American business executive (born 1953)

Ilene S. Gordon (born in 1953) is an American business executive. She became CEO, president, and chairman of Ingredion (formerly Corn Products International) in May, 2009 and became the 21st female CEO of a Fortune 500 company when Ingredion's sales reached $6 billion for the first time, in 2012. As of 2014 she was one of only 24 women who were CEOs of Fortune 500 companies.
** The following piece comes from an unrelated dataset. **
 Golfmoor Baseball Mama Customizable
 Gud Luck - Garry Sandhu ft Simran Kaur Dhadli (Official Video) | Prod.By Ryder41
She retired from the position in 2017.

==Early years and education==

Gordon earned her Bachelor of Science degree in Mathematics at the Massachusetts Institute of Technology in 1975, graduating Phi Beta Kappa, and a Master of Science degree from the MIT Sloan School of Management in 1976.

When she attended MIT, the male-female ratio of undergraduates was 10:1. Her intention was to become a high school math teacher, but meeting other women at MIT who were preparing to become professionals led her to change her course, pursue a master's degree, and go into business.

==Career==

After graduating from Sloan School of Management in 1976, Gordon went to work as a consultant for Boston Consulting Group. When the company decided to expand one year later Gordon volunteered to relocate to Europe. She was a strategy consultant based in the Boston, London and Chicago offices, until 1980.
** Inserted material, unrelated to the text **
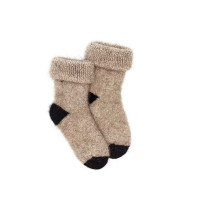Norse Wear Baby Possum Plain Sock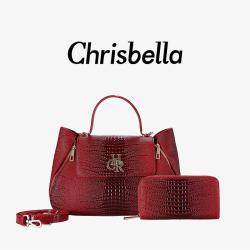 Susen Chrisbella 2022 Retro Fashion Crocodile Pattern Hand Bag purses and handbags ladies purses and handbags luxury women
From 1980 until 1982 Gordon worked at Signode, a packaging company specializing in materials handling. In 1982 she joined the Packaging Corporation of America, a division of Tenneco Inc, where she had a mentor who advised her to go into management. As the first female officer of Tenneco, she was the vice president of operations from 1994 to 1997 and the vice president and general manager of the Folding Carton Business from 1997 to 1999. Gordon's worked at Tenneco for 17 years.

In 1999 Gordon joined Pechiney as senior vice president, Pechiney Group and president, Pechiney Plastic Packaging, Inc. Pechiney was acquired by Alcan in 2003 and Gordon held various leadership positions until landing her first role as president and CEO at Alcan Packaging, based in Paris, in 2006, just before the company was acquired by Rio Tinto in July 2007.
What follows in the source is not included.